# 'Single Case' optimization

Here we demonstrate the optimization of KPP in a perfect model setting for a single 'simple flux' case.

In [1]:
using Pkg; Pkg.activate("..")

using PyPlot, Printf, Statistics, OceanTurb, Dao, JLD2,
        ColumnModelOptimizationProject, ColumnModelOptimizationProject.KPPOptimization

In [7]:
     model_N = 30                # Model resolution. Perfect model resolution is N=600
    model_dt = 10*minute         # Model timestep. Perfect model timestep is 1 minute.
initial_data = 1                 # Choose initial condition for forward runs
 target_data = (4, 7, 10)        # Target samples of saved data for model-data comparison
        case = "unstable_weak"   # Case to run comparison

# Initialize the 'data' and the 'model'
datadir = joinpath("..", "data", "perfect_model_experiment")
filepath = joinpath(datadir, case * ".jld2")
data = ColumnData(filepath; initial=initial_data, targets=target_data)
model = KPPOptimization.ColumnModel(data, model_dt, N=model_N)

# Pick a set of parameters to optimize
defaults = DefaultFreeParameters(BasicParameters)

println("We will optimize the following parameters:")
@show propertynames(defaults);

We will optimize the following parameters:
propertynames(defaults) = (:CRi, :CKE, :CNL, :Cτ, :Cstab, :Cunst, :Cb_U, :Cb_T, :Cd_U, :Cd_T)
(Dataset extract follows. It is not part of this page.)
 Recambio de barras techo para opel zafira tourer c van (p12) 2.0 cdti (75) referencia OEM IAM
# Loss function definition

Our optimization strategy uses a 'composite' loss function constructed from error estimates for each field.
For a field $\Phi$ and case $i$, the loss function for a given parameter vector $\boldsymbol{C}$ is defined

$$ \mathcal{L}^i_\Phi(\boldsymbol{C}) = \int_{t_0}^{t_1}  \mathrm{d} t \sqrt{\int_{-L_z}^0 \mathrm{d} z \left ( \Phi_\mathrm{model} - \Phi_\mathrm{data} \right )^2 }$$

The total loss function for a case $i$ is then constructed from

$$ \mathcal{L}^i(\boldsymbol{C}) = \sum_{\Phi} \mathcal{W}_\Phi \mathcal{L}^i_\Phi(\boldsymbol{C}) \, , $$

In this notebook we only consider a single case. 
However, with multiple cases (representing different physical scenarios, flux conditions, initial conditions, *et cetera*), the value of the composite loss function is, finally

$$ \mathcal{L}(\boldsymbol{C}) = \sum_i \mathcal{L}^i(\boldsymbol{C}) $$

where $\mathcal{W}_\Phi$ essentially non-dimensionalizes the error associated with the comparison of different fields such as velocity $U$ or temperature $T$.
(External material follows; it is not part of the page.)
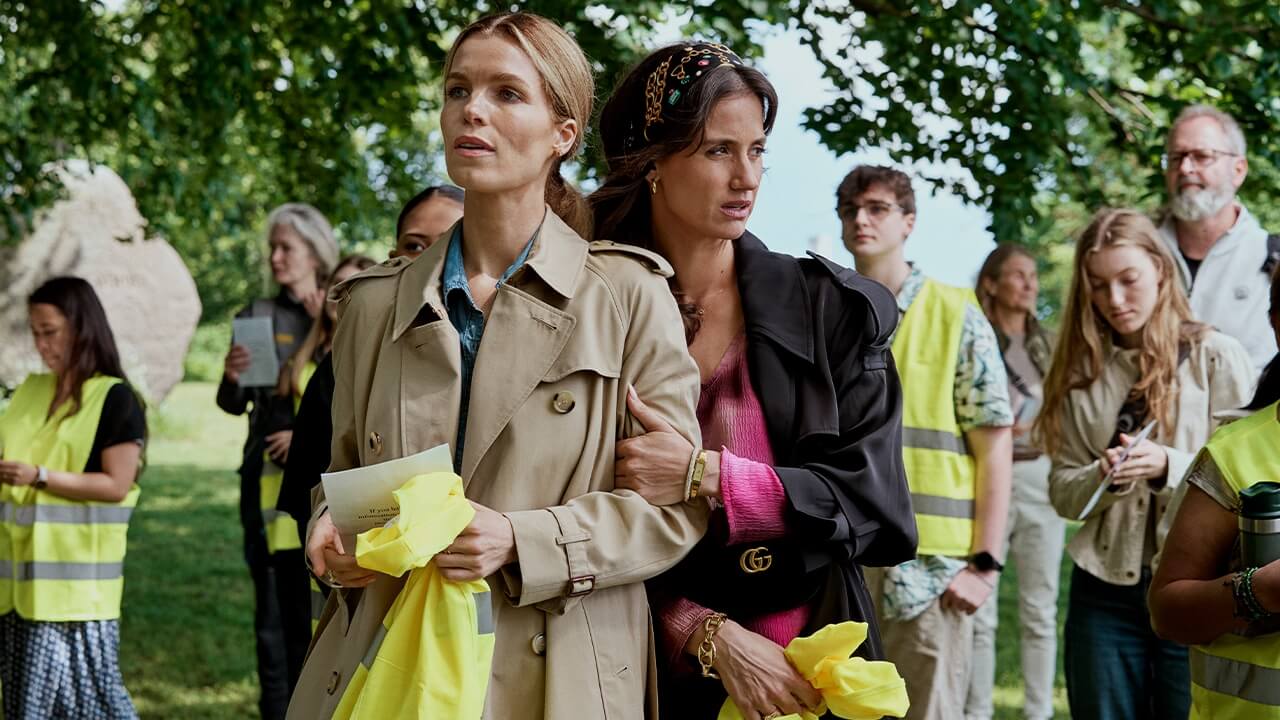 Secrets We Keep TV Series (2025) – Release Date, Cast, Episodes, Story, Trailer, Poster, Netflix, Review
Below, we deduce the appropriate $\mathcal{W}_\Phi$ for our problem based on the velocity- and temperature-specific error assocaited with our initial (perfect) parameter choices.

Note that the object `MarkovLink` stores `(parameter, error)` pairs for a given parameter vector and `NegativeLogLikelihood` function. 

In [11]:
# Obtain an estimate of the relative error in the temperature and velocity fields
test_nll_temperature = NegativeLogLikelihood(model, data, temperature_loss)
   test_nll_velocity = NegativeLogLikelihood(model, data, velocity_loss)

# Calculate error
test_link_temperature = MarkovLink(test_nll_temperature, defaults)
   test_link_velocity = MarkovLink(test_nll_velocity, defaults)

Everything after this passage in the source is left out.